**DATASET EXCERPT:**
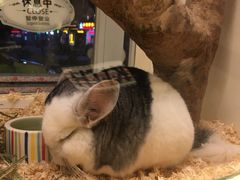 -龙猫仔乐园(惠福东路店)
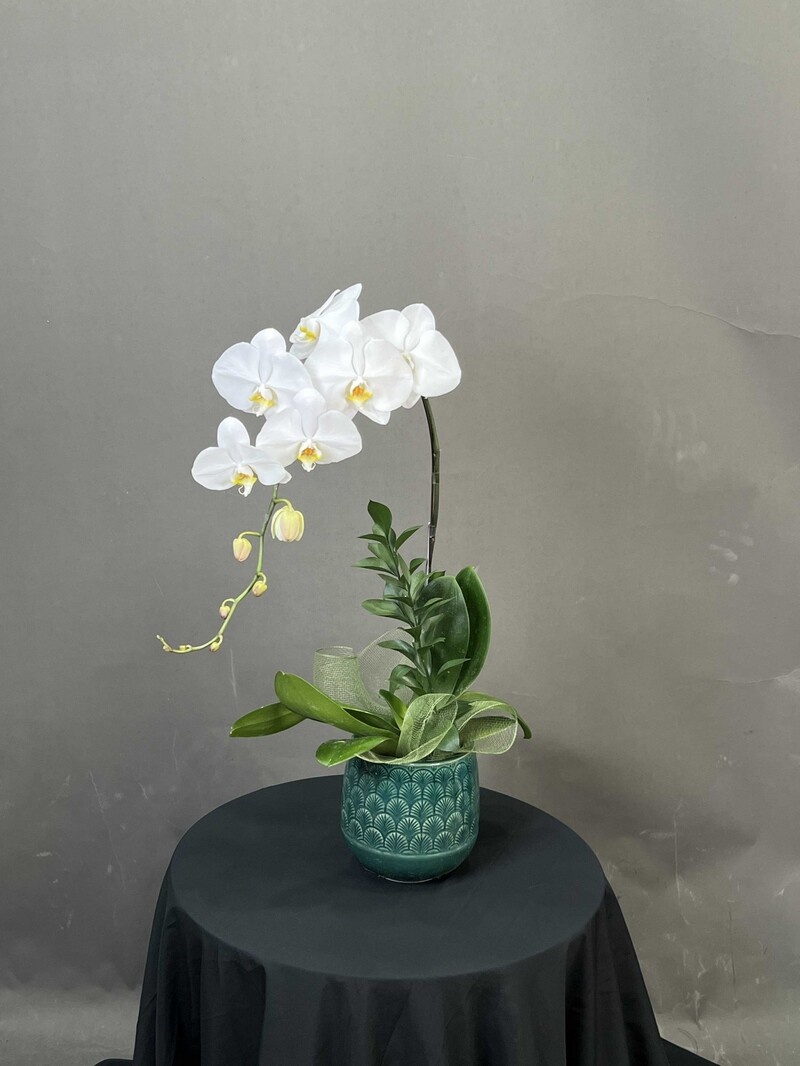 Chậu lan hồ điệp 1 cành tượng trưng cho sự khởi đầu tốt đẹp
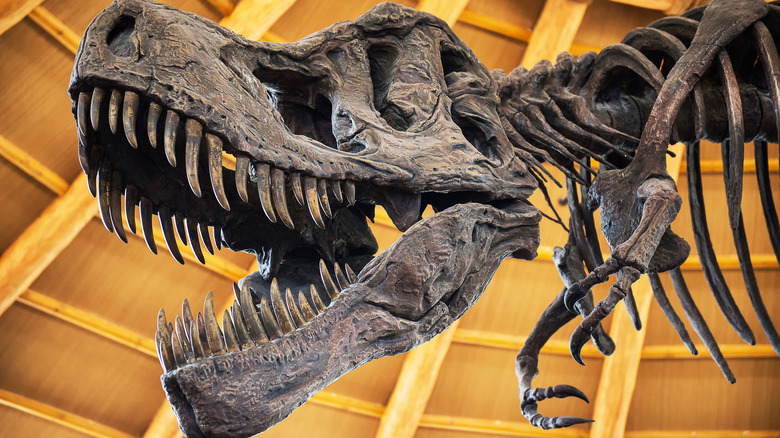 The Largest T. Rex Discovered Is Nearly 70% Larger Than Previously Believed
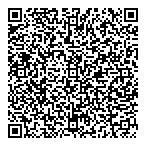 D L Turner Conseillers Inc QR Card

**TASK DIRECTIONS:**
All of the data should be returned word for word, with each picture left out.

**ANSWER:**
 -龙猫仔乐园(惠福东路店)
 Chậu lan hồ điệp 1 cành tượng trưng cho sự khởi đầu tốt đẹp
 The Largest T. Rex Discovered Is Nearly 70% Larger Than Previously Believed
 D L Turner Conseillers Inc QR Card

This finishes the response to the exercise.